As a data scientist, I’m often collaborating with a team of digital marketers at DS, notably on designing custom audiences, automating the deployment of ads, and analyzing digital marketing performance. This collaboration is what prompted my idea. As ridiculous as it sounds, I decided to send my parents and sister targeted ads on Meta hoping to hype the event a bit and get their RSVP.

Screenshot of Meta advertisement titled “Fête Apex” with a photo of a golden retriever wearing an orange collar with pixelated sunglasses superimposed over the dog’s eyes

I used geofencing, a technique used to specify geographic inclusion and exclusion areas when creating audiences. With 5 radius targeting rules, I was able to more or less target only my parents’ house where my sister was also living. I thought it was an ingenious idea and got a little carried away with my ad creative.

After the first day, I didn’t receive the result I anticipated as my audience was too narrow and I was probably competing against legitimate advertisers. I only had about 1 impression (which was most likely myself).
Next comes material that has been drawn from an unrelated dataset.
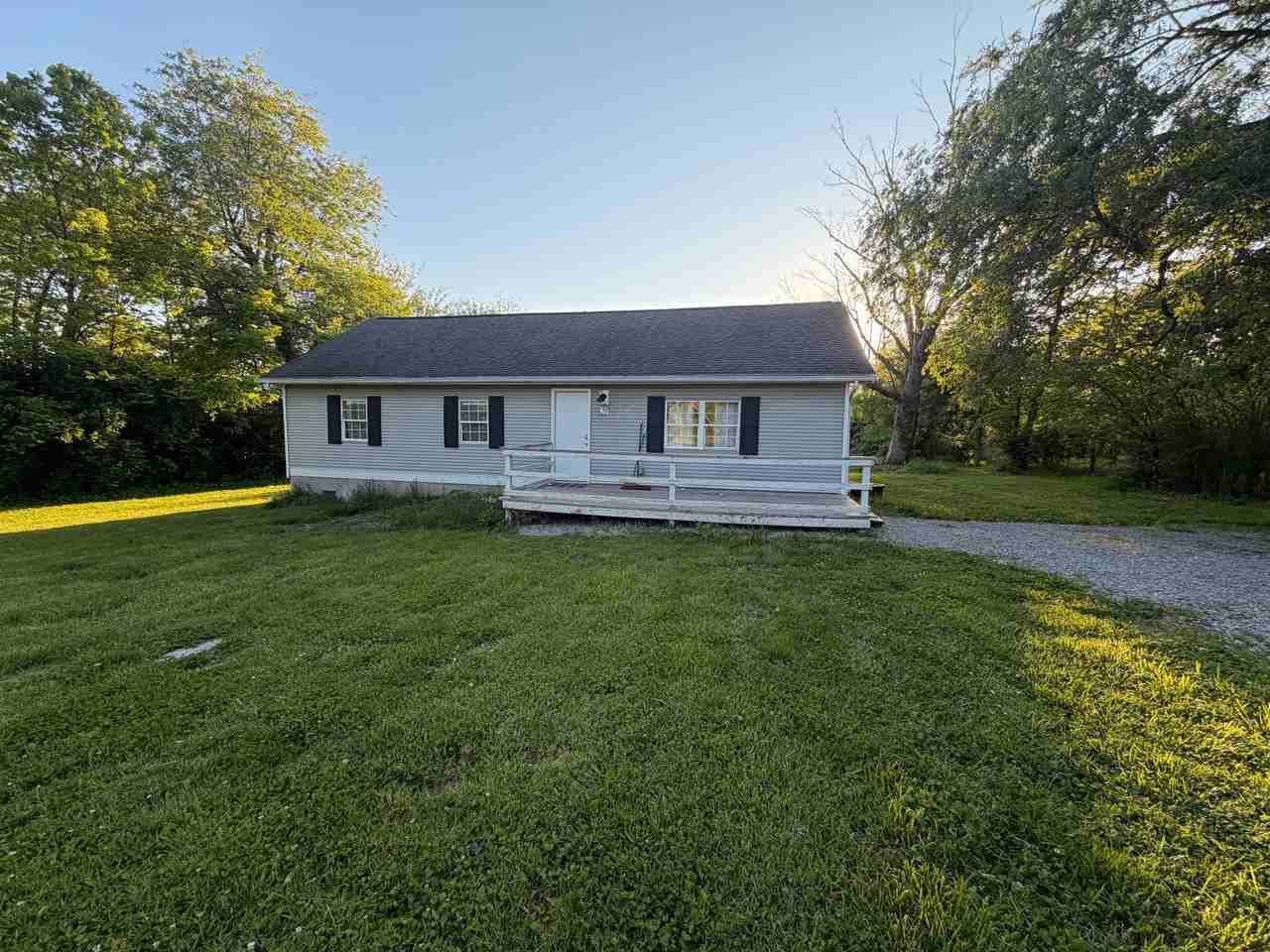 21 High St - Photo 2 of 14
So I decided to use a digital marketing strategy I’d learned about and increased the daily budget to $20 to help increase the chances that my family would see the ad.

Then something I didn’t anticipate happened. 

The main and only road that leads to the highway closed and traffic was rerouted onto a nearby residential street… 

Which happened to also be the street where my parents’ house is located…

Because of the volume of traffic, cars were slowly driving past my parents’ house. Which kept them inside the geofence for longer and had time to be targeted.

The result was that I invited a total of 1,853 people, including my family, over 3 days to my dog’s birthday. My ad was displayed 2,371 times and I topped my daily budgets 3 days in a row. The one metric that I was interested in, the conversion, was lower than I wanted, which I guess is better than higher in this case. In the end, Apex’s birthday party was a success as he was surrounded and celebrated by his loving family.

Apart from being a little intense regarding my dog’s birthday, there are few things that I’ve learned. As a data scientist, it’s important to understand the domain I’m working in but also to acknowledge that I’ll never have the same level of expertise as someone who’s been working in the digital marketing field for years. Optimizing and getting the right people to convert/engage is hard and requires active monitoring and adjustment. In the future, I’ll stick to data and leave the advertising to the digital marketers at DS.